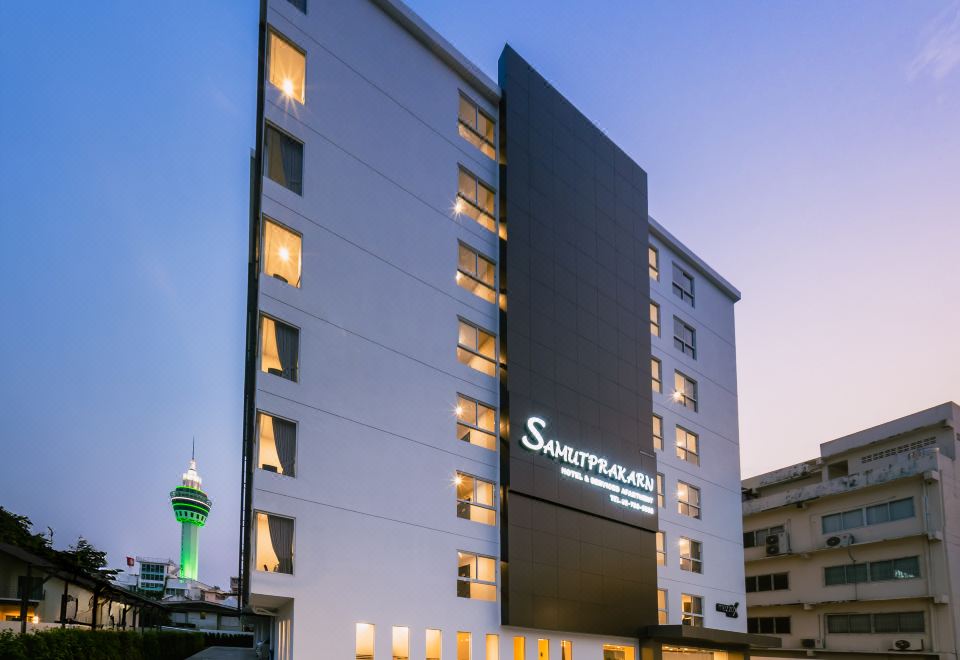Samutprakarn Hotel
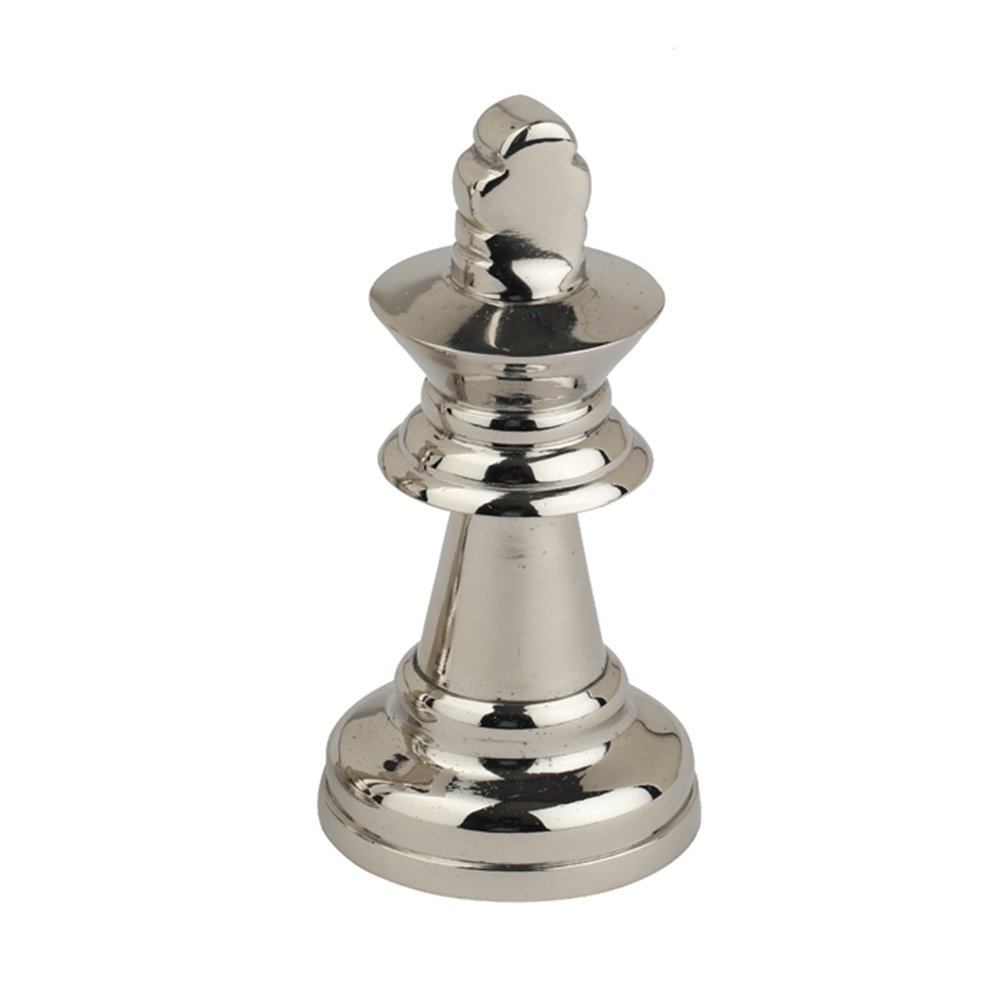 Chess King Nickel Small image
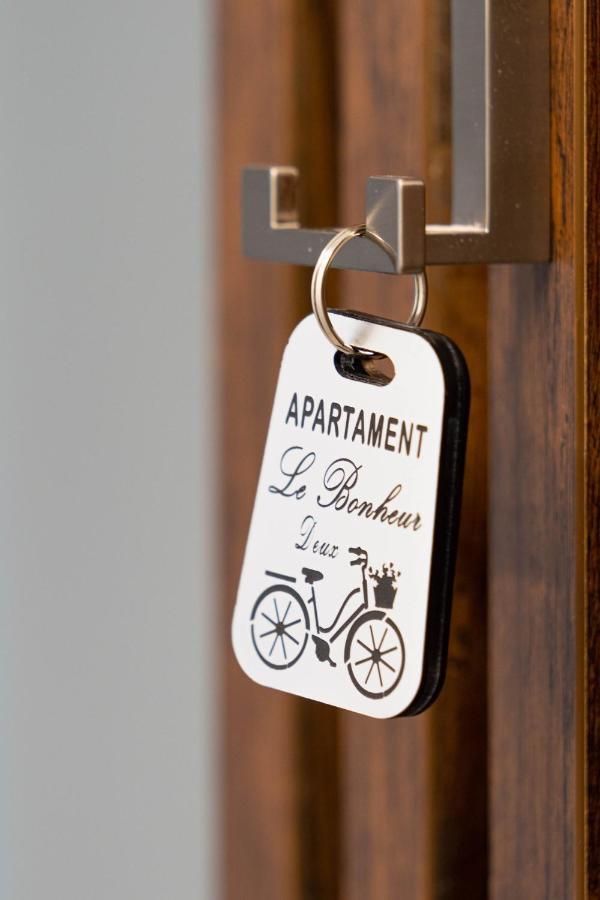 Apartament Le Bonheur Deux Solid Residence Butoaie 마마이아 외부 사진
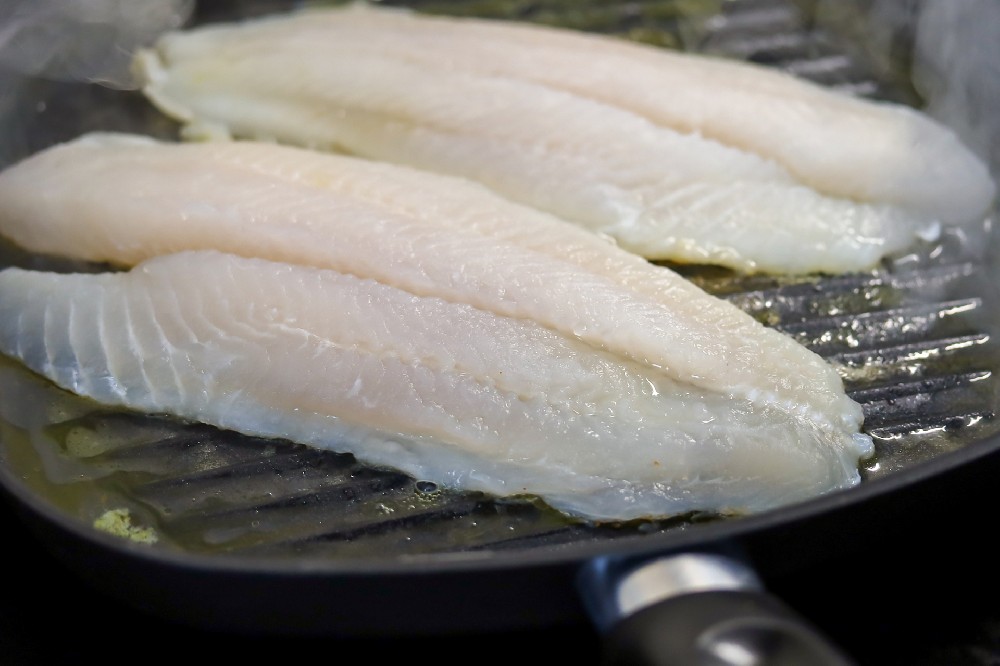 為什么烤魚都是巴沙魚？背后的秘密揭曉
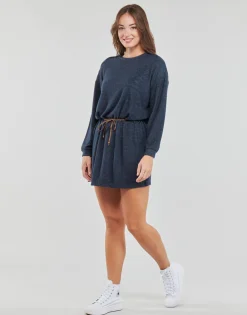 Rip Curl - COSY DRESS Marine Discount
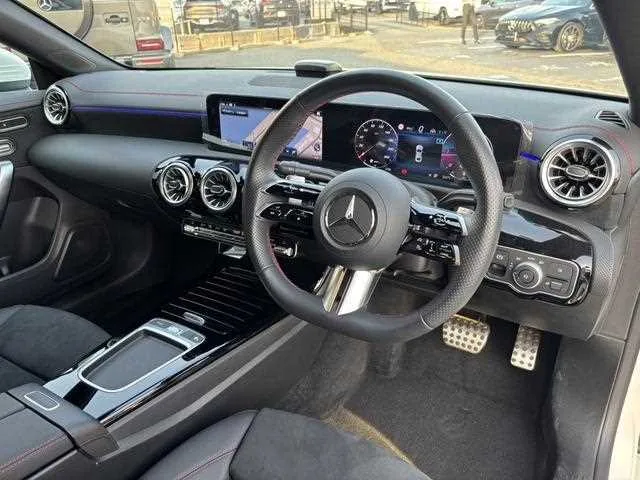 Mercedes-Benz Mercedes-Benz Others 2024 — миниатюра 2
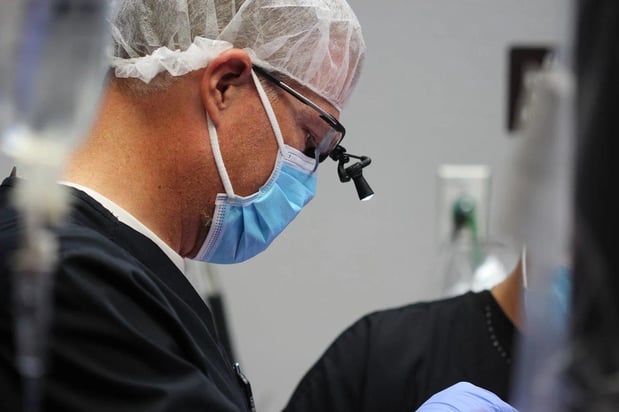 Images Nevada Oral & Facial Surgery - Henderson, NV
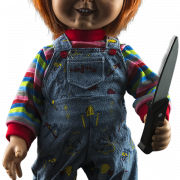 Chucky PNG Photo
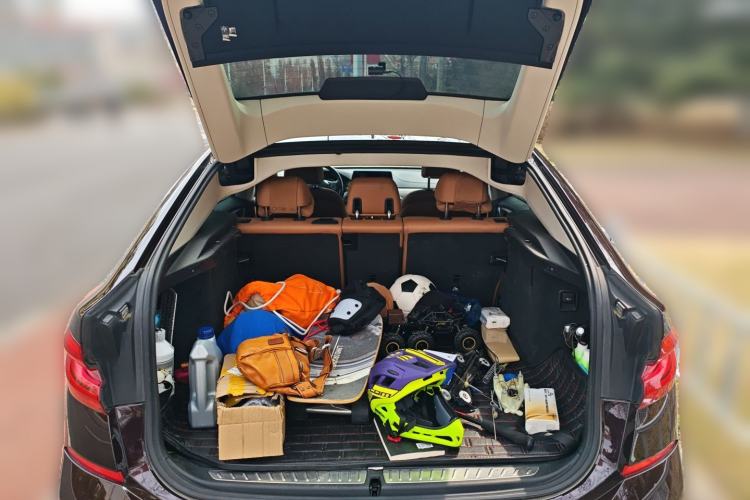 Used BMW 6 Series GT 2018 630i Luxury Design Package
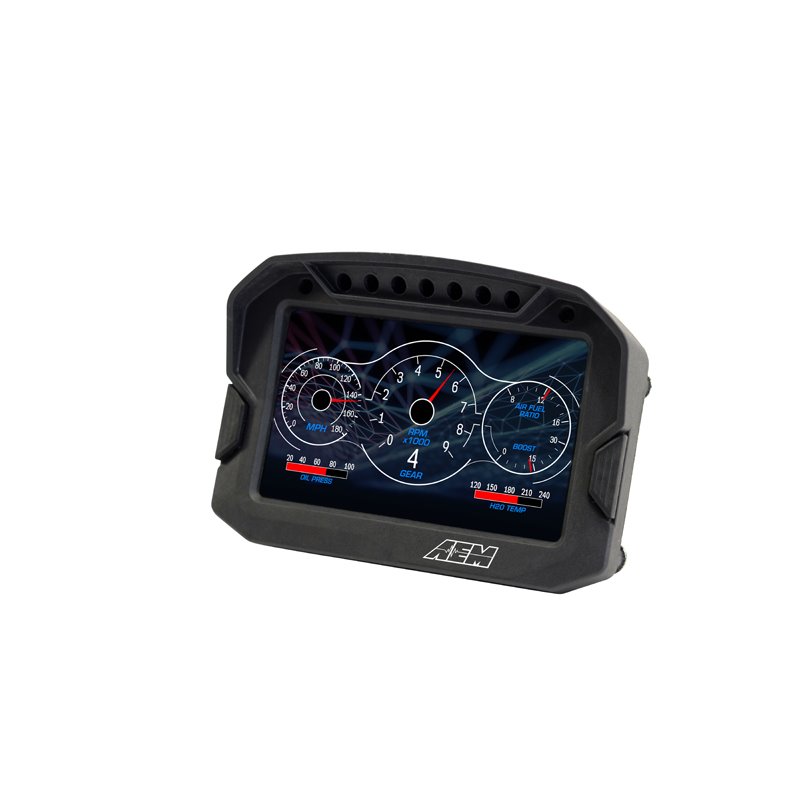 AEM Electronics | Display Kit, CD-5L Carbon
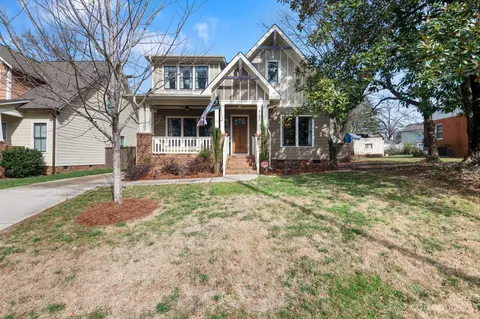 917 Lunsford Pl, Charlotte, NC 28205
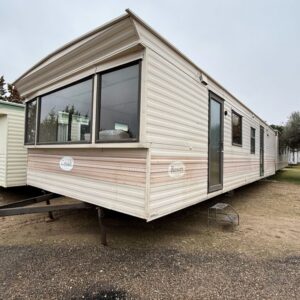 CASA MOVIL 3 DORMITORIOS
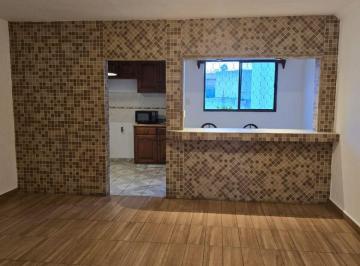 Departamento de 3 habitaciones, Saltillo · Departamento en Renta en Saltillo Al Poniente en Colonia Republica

- [Problem description]: Retype the line containing "Used BMW 6 Series" and all lines after it through the end of the material, exactly and only those, leaving out pictures.

- [Written response]:
 Used BMW 6 Series GT 2018 630i Luxury Design Package
 AEM Electronics | Display Kit, CD-5L Carbon
 917 Lunsford Pl, Charlotte, NC 28205
 CASA MOVIL 3 DORMITORIOS
 Departamento de 3 habitaciones, Saltillo · Departamento en Renta en Saltillo Al Poniente en Colonia Republica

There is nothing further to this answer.